Dubai: The year 2010 will go down as the year when the Earth struck back. Earthquakes, heat waves, floods, volcanoes, super typhoons and droughts killed at least a quarter million people in 2010 — the deadliest year in more than a generation.

More people were killed worldwide by natural disasters this year than have been killed in terrorism attacks in the past 40 years combined.

In pictures: Major global events in 2010

But it was not just the earthquake in Haiti that killed at least 230,000 people and left millions homeless or the tremors in China and Chile that made headlines. The health care overhaul in the US, the release of Myanmar's democracy leader Aung San Suu Kyi and the change of guard in the UK were all reported widely in the media. And towards the end of the year, the leak of diplomatic cables by Wikileaks, detailing the candid conversations between Washington and embassies around the world, has had the US scurrying for cover.

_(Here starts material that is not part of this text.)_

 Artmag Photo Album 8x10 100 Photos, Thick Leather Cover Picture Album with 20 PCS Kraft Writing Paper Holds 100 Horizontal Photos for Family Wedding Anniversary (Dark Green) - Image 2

But one event which made an entranced global audience to sit up and watch was the rescue of 33 miners trapped half-a-mile underground in Chile for 69 days. During the first 17 days of the mine capsize, the men waited in a shelter in the dark, dank tunnel, resigning themselves to what looked like a slow death. But instead of another tragic mine disaster, Chile's experience became a redemptive lesson for the world. It was a miraculous feel-good story which galvanised a nation and made the miners celebrities. The rescue of the miners shone the spotlight on the never-say-die spirit that keeps mankind together and its hope. It is with this hope that we look to the new year, not knowing what it has in store for us.